# TASK TO COMPLETE
With the pictures left out, reproduce exactly the lines from the one containing "Kia Niro (2020) thumbnail 12" through the final line of the entries.
•••••
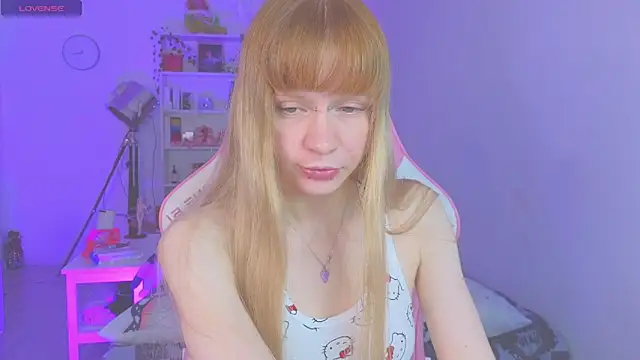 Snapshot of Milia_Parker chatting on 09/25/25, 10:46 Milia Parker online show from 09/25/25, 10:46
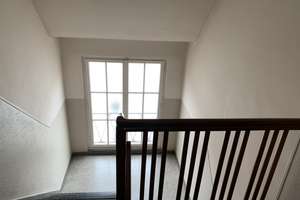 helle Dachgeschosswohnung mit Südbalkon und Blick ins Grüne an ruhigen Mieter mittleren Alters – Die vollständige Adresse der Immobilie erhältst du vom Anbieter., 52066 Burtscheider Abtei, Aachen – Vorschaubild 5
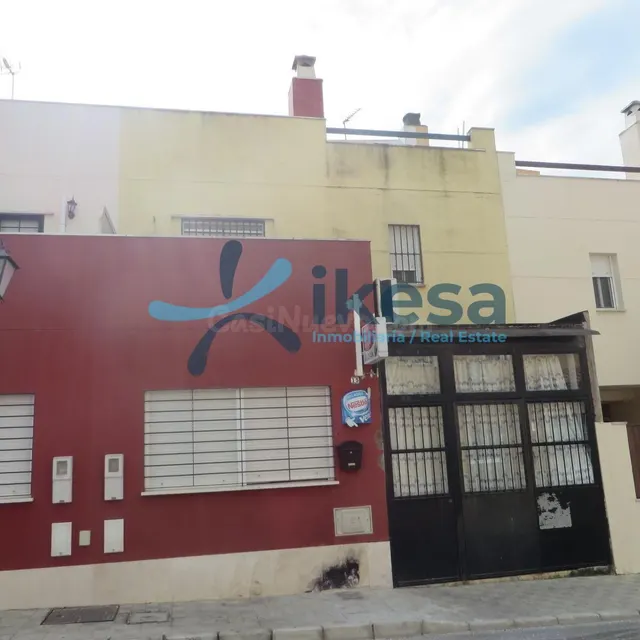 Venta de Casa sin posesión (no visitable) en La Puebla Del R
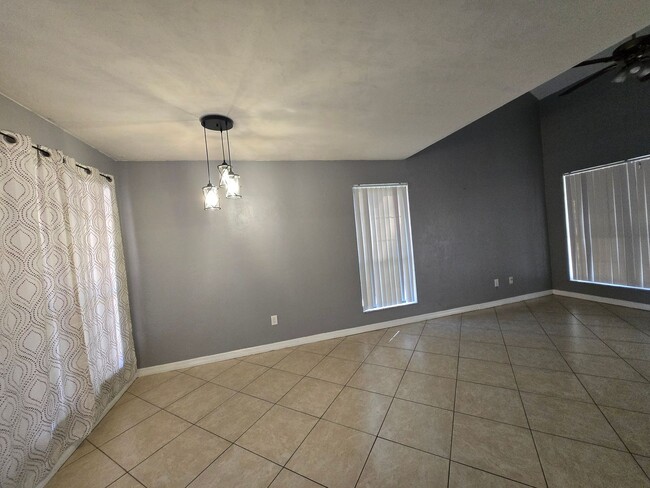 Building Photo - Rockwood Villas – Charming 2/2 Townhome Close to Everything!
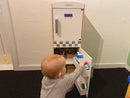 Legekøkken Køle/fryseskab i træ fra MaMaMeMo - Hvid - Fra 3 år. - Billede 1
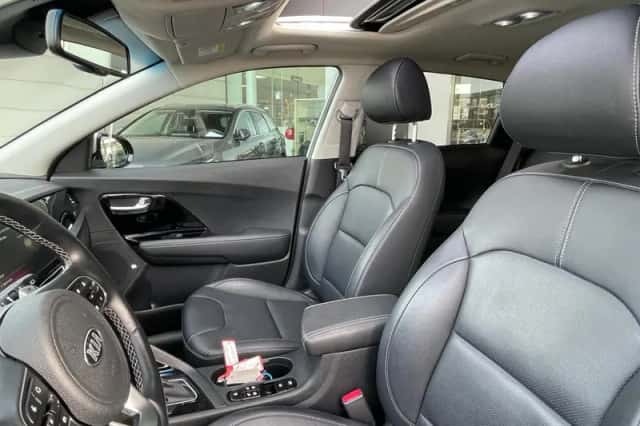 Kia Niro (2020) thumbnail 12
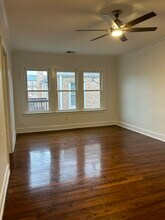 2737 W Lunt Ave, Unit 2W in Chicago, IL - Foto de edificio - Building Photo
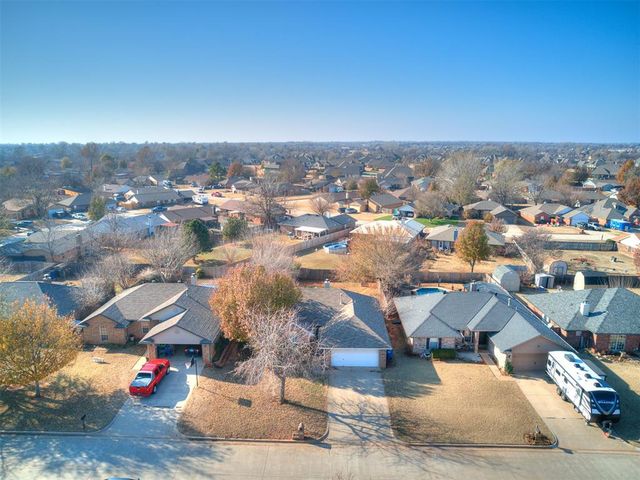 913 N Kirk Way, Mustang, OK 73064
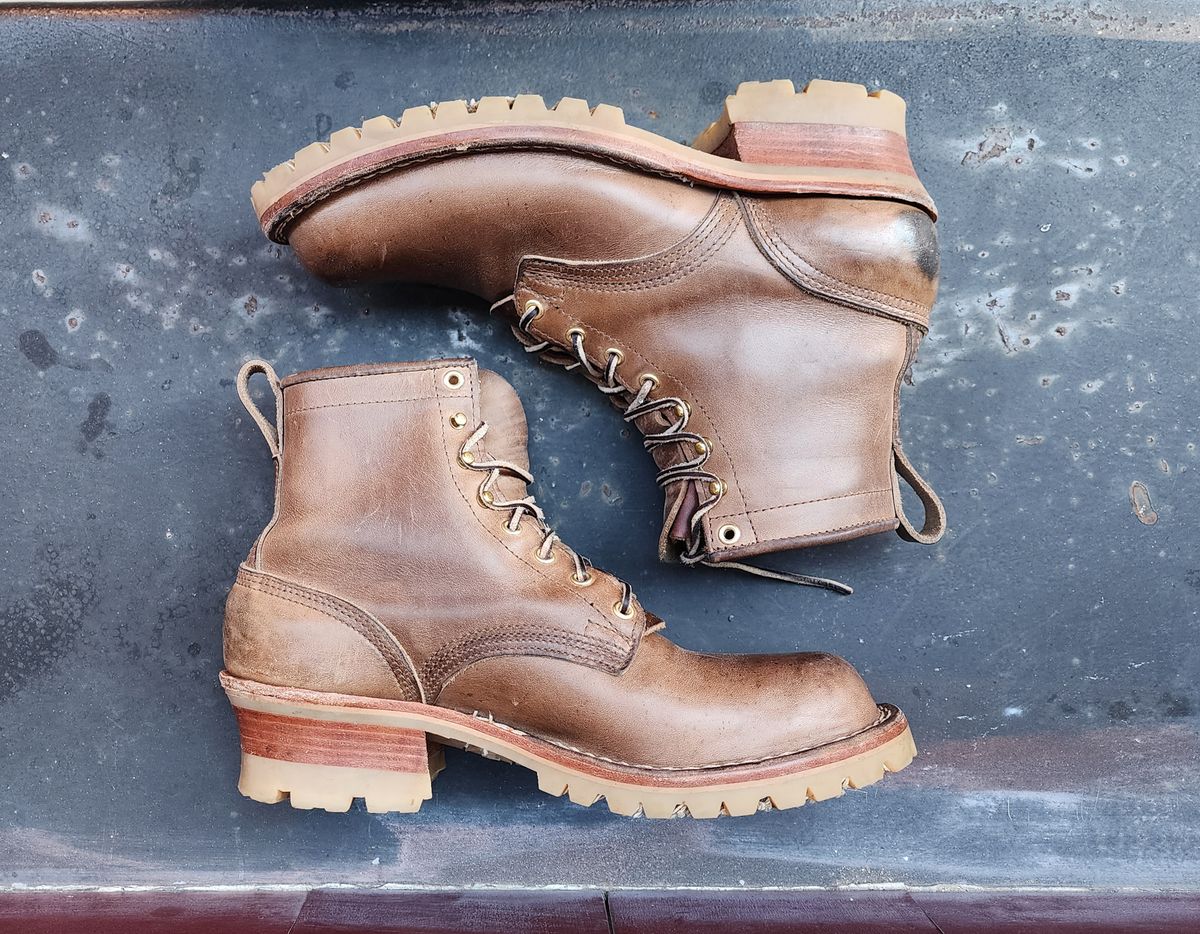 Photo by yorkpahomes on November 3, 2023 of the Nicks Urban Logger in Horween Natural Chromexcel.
•••••
# RESPONSE TO THIS EXERCISE
 Kia Niro (2020) thumbnail 12
 2737 W Lunt Ave, Unit 2W in Chicago, IL - Foto de edificio - Building Photo
 913 N Kirk Way, Mustang, OK 73064
 Photo by yorkpahomes on November 3, 2023 of the Nicks Urban Logger in Horween Natural Chromexcel.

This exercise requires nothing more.